Все эти произведения — иные легковесные, как скетчи, иные серьезные и глубокие, как романы, — написаны или начаты в Вене, мировой столице, обуреваемой ранним модернизмом, насыщенной музыкой и театром, населенной гигантами культуры (назовем хотя бы Зигмунда Фрейда и Теодора Герцля), чье влияние до сих пор ощущает мир, управляемой негодяями (двое из них были кумирами Гитлера), а иногда — толпой; в обществе, блестящем до крикливости, высоко цивилизованном, цветущем, но также и бесстыдном, грубом. Отчасти — рай, отчасти — обиталище дьявола. Странный фон для писателя, выросшего в Ганнибале, штат Миссури. Но в Вене Марк Твен был близок к пику того, что он назвал «злобностью», и Вена подвернулась кстати.
Вместе с Дрейфусом в Париже она дала ему перо, разогретое в адском огне.

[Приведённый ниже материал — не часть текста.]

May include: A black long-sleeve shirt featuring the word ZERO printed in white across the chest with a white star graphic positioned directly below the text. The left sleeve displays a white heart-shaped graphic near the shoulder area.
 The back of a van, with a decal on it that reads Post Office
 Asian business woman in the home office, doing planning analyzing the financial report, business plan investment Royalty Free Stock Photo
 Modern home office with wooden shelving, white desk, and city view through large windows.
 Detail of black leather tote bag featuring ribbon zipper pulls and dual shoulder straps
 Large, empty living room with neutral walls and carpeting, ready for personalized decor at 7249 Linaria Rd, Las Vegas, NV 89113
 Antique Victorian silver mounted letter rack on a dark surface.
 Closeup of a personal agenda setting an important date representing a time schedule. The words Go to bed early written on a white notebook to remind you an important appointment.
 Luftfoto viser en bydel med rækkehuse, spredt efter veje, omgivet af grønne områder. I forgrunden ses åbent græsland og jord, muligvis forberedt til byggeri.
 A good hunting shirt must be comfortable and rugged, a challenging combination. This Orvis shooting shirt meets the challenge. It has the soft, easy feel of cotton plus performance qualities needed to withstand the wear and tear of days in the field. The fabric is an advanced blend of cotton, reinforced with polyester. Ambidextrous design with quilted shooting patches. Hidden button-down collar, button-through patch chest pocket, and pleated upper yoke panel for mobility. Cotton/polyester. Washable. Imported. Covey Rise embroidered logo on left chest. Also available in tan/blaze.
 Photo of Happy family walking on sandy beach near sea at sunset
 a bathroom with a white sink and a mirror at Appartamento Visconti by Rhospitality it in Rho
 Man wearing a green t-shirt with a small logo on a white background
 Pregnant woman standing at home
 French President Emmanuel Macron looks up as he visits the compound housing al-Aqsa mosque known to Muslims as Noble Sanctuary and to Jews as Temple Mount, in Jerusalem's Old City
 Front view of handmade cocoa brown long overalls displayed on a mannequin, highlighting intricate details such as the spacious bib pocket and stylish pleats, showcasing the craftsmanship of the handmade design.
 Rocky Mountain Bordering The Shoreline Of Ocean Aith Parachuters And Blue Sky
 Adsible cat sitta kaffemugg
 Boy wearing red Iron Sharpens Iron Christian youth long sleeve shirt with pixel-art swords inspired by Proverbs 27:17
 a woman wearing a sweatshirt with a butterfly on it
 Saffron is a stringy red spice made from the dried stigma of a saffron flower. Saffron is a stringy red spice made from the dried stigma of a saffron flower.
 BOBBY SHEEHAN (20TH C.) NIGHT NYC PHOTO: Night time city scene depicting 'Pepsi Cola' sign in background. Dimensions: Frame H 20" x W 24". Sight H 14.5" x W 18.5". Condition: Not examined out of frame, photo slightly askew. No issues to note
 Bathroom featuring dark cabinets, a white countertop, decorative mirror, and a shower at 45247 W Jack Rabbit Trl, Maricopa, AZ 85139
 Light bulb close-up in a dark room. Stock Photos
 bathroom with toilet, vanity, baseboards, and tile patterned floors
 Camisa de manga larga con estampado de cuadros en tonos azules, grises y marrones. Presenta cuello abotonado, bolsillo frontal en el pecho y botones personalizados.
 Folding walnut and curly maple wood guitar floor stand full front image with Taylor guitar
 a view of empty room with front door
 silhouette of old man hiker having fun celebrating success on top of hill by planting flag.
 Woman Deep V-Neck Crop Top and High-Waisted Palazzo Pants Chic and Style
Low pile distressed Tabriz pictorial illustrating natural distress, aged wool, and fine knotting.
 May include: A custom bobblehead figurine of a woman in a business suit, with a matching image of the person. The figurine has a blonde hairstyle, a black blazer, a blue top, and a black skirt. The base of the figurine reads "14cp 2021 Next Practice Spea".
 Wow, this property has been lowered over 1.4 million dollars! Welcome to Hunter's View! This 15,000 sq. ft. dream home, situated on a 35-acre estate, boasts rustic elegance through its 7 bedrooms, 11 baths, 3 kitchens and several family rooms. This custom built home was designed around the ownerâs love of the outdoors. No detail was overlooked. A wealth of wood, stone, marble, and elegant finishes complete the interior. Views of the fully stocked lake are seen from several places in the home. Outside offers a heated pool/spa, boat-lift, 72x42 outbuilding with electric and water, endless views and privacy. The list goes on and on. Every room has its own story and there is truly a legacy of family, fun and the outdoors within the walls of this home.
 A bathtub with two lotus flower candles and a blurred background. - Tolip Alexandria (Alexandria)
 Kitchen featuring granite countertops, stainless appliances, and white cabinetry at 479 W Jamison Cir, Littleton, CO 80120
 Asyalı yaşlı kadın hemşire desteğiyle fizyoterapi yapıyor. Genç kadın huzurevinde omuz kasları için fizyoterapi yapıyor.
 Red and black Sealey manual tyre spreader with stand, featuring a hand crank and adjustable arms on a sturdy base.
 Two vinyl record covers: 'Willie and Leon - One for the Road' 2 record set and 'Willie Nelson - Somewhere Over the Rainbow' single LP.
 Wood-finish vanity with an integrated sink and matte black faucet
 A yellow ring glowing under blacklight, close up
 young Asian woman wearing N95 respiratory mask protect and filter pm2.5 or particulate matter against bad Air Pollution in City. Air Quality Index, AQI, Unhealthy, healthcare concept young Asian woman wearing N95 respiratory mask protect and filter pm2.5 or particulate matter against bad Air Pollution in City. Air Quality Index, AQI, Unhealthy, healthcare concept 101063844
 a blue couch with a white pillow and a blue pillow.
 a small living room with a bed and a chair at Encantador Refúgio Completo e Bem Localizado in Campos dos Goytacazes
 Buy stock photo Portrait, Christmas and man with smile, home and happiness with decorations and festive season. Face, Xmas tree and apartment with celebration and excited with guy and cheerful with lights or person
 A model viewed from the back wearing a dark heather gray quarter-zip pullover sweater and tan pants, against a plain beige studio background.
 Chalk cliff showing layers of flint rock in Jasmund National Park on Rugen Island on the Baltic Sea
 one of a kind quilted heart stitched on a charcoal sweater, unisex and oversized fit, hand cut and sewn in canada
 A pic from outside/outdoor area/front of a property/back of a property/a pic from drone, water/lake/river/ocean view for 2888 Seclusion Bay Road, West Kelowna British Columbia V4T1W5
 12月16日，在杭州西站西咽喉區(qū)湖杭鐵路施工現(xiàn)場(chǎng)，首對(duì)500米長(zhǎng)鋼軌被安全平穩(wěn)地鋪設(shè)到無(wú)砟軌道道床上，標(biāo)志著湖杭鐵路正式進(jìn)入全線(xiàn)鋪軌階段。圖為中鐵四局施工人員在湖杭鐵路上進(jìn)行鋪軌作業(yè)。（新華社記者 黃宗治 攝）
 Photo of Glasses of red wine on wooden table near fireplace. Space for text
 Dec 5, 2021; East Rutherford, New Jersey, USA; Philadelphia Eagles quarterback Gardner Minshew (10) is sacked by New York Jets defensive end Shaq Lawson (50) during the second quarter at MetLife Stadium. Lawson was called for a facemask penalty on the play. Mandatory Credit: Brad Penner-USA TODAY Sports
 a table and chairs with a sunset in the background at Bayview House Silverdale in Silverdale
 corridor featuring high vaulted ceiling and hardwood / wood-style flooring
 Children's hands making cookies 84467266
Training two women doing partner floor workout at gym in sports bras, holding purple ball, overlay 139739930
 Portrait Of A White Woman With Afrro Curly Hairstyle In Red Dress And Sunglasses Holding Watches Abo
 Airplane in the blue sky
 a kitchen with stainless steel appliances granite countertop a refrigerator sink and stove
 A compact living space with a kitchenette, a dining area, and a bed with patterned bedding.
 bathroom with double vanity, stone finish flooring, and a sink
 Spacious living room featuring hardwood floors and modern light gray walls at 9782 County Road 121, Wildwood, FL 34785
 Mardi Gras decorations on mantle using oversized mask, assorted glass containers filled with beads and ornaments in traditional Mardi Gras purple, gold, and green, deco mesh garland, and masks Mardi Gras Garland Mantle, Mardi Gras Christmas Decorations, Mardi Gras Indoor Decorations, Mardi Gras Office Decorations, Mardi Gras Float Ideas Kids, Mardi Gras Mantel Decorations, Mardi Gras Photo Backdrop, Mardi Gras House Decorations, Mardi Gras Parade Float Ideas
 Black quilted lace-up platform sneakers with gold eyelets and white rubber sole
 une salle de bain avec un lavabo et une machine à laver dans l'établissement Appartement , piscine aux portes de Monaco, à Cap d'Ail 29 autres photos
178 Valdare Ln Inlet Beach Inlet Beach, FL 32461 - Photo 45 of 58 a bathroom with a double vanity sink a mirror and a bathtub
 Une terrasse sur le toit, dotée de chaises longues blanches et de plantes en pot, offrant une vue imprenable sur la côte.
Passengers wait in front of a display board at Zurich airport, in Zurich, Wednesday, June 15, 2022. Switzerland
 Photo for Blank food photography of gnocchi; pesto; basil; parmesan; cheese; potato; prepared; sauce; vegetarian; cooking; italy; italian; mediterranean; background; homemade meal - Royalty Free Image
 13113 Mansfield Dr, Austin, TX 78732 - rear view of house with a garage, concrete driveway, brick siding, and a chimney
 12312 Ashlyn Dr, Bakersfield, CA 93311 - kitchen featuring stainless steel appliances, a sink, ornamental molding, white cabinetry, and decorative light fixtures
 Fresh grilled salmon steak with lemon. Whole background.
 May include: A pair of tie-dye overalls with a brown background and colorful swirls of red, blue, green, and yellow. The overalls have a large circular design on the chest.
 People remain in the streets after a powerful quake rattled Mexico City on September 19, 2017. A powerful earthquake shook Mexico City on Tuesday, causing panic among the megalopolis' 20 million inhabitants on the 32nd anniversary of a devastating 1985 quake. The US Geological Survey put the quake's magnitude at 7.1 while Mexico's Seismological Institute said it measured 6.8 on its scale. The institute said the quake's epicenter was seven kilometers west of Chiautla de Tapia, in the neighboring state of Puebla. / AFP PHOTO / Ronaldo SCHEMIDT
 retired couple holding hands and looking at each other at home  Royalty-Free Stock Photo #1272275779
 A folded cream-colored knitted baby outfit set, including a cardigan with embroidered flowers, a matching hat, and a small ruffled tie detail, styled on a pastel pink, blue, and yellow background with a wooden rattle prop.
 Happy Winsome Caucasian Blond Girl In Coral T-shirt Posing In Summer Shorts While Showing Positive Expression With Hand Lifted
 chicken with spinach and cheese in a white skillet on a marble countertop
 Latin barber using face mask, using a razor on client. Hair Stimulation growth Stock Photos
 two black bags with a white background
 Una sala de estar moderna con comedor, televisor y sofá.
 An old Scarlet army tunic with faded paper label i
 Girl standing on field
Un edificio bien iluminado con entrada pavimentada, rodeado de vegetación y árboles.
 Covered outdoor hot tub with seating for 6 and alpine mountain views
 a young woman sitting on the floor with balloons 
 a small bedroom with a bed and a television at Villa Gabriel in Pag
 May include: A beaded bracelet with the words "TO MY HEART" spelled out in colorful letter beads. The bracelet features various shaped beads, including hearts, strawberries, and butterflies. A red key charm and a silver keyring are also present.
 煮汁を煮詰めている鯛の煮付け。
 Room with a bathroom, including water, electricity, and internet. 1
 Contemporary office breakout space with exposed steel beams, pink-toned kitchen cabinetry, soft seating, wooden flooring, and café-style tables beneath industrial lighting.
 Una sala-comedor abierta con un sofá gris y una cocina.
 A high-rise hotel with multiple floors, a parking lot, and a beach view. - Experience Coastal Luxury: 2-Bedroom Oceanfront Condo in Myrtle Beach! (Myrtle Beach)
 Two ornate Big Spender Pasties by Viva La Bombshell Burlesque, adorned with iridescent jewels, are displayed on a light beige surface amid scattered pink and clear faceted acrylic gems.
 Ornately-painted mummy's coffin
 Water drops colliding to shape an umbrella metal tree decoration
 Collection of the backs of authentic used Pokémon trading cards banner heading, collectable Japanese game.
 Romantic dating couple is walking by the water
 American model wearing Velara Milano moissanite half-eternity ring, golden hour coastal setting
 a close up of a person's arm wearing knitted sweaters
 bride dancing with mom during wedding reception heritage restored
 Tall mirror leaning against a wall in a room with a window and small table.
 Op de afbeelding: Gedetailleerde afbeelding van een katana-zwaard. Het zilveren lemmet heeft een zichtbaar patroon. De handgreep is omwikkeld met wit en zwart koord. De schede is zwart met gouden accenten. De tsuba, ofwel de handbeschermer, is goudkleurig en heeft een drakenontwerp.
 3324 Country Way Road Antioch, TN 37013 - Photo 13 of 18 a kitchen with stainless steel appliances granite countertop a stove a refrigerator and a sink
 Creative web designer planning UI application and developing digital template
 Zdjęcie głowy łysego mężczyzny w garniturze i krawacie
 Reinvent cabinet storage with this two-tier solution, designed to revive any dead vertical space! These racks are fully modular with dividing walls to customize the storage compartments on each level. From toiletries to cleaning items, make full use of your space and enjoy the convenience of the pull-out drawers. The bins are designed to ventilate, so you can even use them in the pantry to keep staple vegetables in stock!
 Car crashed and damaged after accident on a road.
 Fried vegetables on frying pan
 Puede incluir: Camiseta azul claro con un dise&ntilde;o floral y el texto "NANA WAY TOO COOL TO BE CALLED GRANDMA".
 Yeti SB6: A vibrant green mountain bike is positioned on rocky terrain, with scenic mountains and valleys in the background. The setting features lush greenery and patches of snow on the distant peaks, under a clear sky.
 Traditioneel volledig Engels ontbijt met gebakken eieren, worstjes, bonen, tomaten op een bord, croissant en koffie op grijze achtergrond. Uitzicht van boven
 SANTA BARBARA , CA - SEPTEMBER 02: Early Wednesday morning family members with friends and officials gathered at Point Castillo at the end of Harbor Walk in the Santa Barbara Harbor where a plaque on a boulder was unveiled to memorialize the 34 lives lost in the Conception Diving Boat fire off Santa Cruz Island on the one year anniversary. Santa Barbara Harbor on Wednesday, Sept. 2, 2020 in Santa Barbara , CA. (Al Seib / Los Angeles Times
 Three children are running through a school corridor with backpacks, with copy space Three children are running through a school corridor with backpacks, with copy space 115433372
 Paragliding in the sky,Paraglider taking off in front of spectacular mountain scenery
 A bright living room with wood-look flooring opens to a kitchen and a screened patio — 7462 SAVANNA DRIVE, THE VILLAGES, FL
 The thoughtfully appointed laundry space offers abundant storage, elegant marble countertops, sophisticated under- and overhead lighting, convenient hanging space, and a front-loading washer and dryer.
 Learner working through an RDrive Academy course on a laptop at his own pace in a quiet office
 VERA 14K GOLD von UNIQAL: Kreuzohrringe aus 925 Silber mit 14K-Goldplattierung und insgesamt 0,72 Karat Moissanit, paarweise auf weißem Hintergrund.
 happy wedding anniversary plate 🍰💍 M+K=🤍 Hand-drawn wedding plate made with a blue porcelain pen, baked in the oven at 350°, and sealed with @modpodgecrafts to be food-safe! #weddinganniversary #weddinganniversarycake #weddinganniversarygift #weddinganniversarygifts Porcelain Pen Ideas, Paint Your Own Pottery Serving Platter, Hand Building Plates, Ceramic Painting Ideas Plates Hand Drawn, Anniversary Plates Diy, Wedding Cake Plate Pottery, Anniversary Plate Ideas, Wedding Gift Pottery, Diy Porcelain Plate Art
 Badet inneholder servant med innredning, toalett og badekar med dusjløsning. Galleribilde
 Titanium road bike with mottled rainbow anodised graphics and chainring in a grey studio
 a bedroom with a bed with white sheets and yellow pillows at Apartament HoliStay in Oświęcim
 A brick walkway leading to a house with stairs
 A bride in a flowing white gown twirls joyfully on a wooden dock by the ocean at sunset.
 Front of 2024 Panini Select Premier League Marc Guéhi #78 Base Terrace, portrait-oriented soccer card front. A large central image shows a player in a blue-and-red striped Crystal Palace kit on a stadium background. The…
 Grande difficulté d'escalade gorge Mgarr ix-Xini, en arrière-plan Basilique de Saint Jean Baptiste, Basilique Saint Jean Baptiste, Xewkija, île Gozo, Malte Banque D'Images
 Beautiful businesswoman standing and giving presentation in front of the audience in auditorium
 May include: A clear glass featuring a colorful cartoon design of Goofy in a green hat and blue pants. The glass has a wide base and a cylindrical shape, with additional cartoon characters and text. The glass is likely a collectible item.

Исаак Бабель и вопрос идентичности
Пер. В. Голышева
Идентичность, по крайней мере, готова требовать вопросов.
За год до того, как рассыпался Советский Союз, мне позвонила из Москвы мать С., моя двоюродная сестра, чье существование до сих пор было смутной легендой. «Спаси мою дочь!» — кричала она с интонациями, которые звучали, наверное, уже не первое тысячелетие. Поэтому, когда С. прилетела в Нью-Йорк, я ожидала увидеть перепуганную беженку, спасающуюся от невыносимого давления народного антисемитизма: в то время пресса была полна мрачных сообщений об этом. Месяцами, готовя ее спасение, я металась по учреждениям — выясняла, как добиться для нее политического убежища.